Query Type Example Query Expected Behavior Observed Outcome
Mainstream News "What is the recent sentiment on US inflation according to major news outlets?" Agent selects NewsAPI tool, ingests data, then performs vector search to synthesize an answer. The agent correctly invoked news_api_search, loaded 30 articles, then used vector_database_search to provide a summarized answer with citations from sources like Bloomberg and Reuters.
Global Event "Find reports on recent semiconductor manufacturing developments in Taiwan." Agent selects GDELT tool for its international scope. The agent correctly invoked gdelt_search, ingesting articles from various global sources. The final answer synthesized information from these geographically diverse reports.
Specialist Source "Ingest the IMF blog RSS feed and summarize the main topics discussed." Agent uses RSS tool with the specified URL, then vector searches the newly ingested titles. The agent successfully called rss_import and then, upon a follow-up query, provided a coherent summary of themes like sovereign debt and climate finance, citing the blog post titles.
These qualitative results indicate that the agent can correctly map user intent to the appropriate tool, successfully execute the multi-step RAG workflow, and produce high-quality, cited answers.
The proposed system demonstrates a viable architecture for dynamic, real-time RAG. However, several limitations present avenues for future research:
Retrieval Depth: The current implementation ingests only titles and short descriptions. Future work should involve implementing a secondary full-text scraping and chunking mechanism for ingested URLs to provide deeper context.
Retrieval Strategy: The current retrieval relies solely on semantic similarity. A hybrid search approach, combining semantic (vector) search with keyword-based sparse retrieval (e.g., BM25), could improve relevance for queries containing specific proper nouns or technical terms.
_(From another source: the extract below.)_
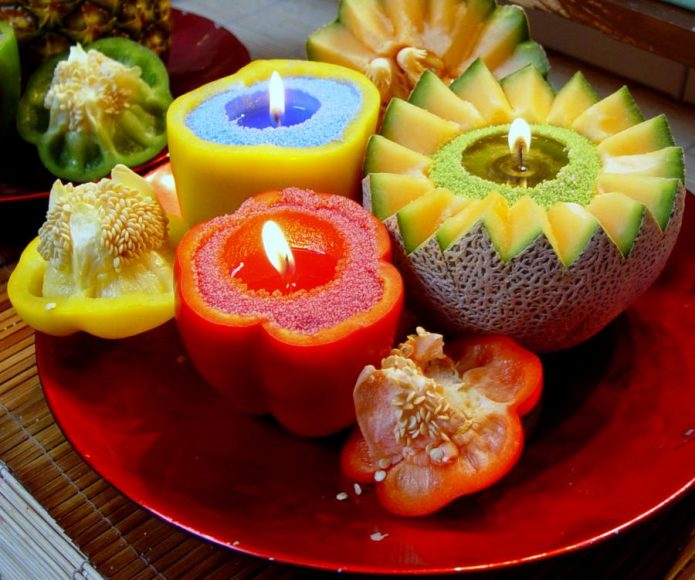 Candlesticks made of fruits and vegetables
Temporal Weighting: The date filter is a simple cutoff. A more sophisticated retrieval algorithm could incorporate a decay function, up-weighting more recent documents during the similarity scoring process itself.
Quantitative Benchmarking: A rigorous evaluation framework using established Q&A datasets (e.g., a time-sensitive version of HotpotQA or a custom-built dataset) is required to quantitatively measure precision, recall, and faithfulness against baseline models.
We have presented a modular, tool-using RAG agent capable of performing real-time analysis on economic and policy-related topics. By dynamically ingesting information from heterogeneous data streams into a local vector store, the agent overcomes the static knowledge limitations of its underlying LLM. This architecture provides a flexible and powerful blueprint for developing specialized, intelligent information systems that can reason about a constantly evolving world. The successful qualitative evaluation underscores the potential of this agent-driven RAG approach for complex, real-world applications.
References
[1] Vaswani, A., et al. (2017). "Attention Is All You Need". Advances in Neural Information Processing Systems 30 (NIPS 2017).
[2] Lewis, P., et al. (2020). "Retrieval-Augmented Generation for Knowledge-Intensive NLP Tasks". Advances in Neural Information Processing Systems 33 (NeurIPS 2020).
[3] Gemini Team, Google. (2024). "Gemini 1.5: Unlocking multimodal understanding across millions of tokens of context". Google AI Blog.